** Data supplied **
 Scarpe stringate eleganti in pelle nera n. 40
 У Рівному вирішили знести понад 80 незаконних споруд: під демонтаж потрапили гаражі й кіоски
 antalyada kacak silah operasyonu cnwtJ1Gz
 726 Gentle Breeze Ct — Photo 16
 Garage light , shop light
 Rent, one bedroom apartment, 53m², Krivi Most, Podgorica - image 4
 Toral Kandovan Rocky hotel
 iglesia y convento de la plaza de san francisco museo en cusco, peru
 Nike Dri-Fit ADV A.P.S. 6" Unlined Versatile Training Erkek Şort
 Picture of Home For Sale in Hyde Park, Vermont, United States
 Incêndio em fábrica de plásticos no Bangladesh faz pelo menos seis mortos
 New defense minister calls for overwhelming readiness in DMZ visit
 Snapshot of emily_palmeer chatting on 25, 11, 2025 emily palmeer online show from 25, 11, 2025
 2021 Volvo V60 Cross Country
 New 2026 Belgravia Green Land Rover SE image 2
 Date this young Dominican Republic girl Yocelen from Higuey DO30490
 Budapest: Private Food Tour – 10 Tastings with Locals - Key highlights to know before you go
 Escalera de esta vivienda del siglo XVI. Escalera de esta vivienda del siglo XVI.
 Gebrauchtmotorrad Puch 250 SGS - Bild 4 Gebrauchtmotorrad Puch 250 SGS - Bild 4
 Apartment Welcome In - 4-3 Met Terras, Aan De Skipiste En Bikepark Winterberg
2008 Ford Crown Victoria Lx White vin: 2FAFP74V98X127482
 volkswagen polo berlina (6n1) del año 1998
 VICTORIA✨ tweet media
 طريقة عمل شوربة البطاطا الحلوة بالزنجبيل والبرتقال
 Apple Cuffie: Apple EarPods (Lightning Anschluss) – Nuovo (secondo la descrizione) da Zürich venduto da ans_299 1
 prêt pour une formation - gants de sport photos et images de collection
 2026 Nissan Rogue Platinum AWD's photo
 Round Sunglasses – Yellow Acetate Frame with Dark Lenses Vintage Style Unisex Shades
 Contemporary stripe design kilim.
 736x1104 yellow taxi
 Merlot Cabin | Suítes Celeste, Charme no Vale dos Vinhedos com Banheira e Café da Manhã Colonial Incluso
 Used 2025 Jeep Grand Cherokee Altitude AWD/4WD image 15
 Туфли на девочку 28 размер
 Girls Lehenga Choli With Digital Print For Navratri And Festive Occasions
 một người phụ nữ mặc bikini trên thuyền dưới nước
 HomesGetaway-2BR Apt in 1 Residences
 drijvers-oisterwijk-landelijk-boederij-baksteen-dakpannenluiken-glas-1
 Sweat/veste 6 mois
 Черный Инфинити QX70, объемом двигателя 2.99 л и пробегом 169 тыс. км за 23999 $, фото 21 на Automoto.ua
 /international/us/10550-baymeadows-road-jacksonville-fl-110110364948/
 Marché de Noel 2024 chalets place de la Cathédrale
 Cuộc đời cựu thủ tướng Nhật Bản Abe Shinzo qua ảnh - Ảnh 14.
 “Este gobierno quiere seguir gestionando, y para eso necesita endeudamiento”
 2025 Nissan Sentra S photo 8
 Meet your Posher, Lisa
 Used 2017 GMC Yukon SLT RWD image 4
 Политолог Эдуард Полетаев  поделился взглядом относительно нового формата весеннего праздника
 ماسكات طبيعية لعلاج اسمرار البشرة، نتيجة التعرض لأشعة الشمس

** Activity **
Show each line of the records above containing "Nissan".

** Solved problem **
 2026 Nissan Rogue Platinum AWD's photo
 2025 Nissan Sentra S photo 8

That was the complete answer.